● **TASK OBJECTIVE**
Please repeat exactly the lines below from the line with "living room with" to the line with "Sea Bridge above", including both, and leave out every picture.

● **THE DATA**
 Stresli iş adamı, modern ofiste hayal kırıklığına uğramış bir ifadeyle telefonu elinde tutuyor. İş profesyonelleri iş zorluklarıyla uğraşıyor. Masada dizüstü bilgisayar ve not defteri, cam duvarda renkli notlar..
...
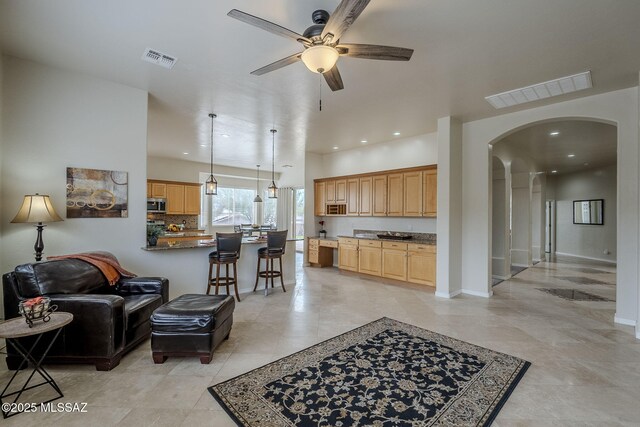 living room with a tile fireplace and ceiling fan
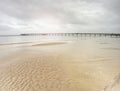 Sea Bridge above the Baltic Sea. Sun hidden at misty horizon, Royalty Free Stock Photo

● **RESULT OF THE EXERCISE**
 living room with a tile fireplace and ceiling fan
 Sea Bridge above the Baltic Sea. Sun hidden at misty horizon, Royalty Free Stock Photo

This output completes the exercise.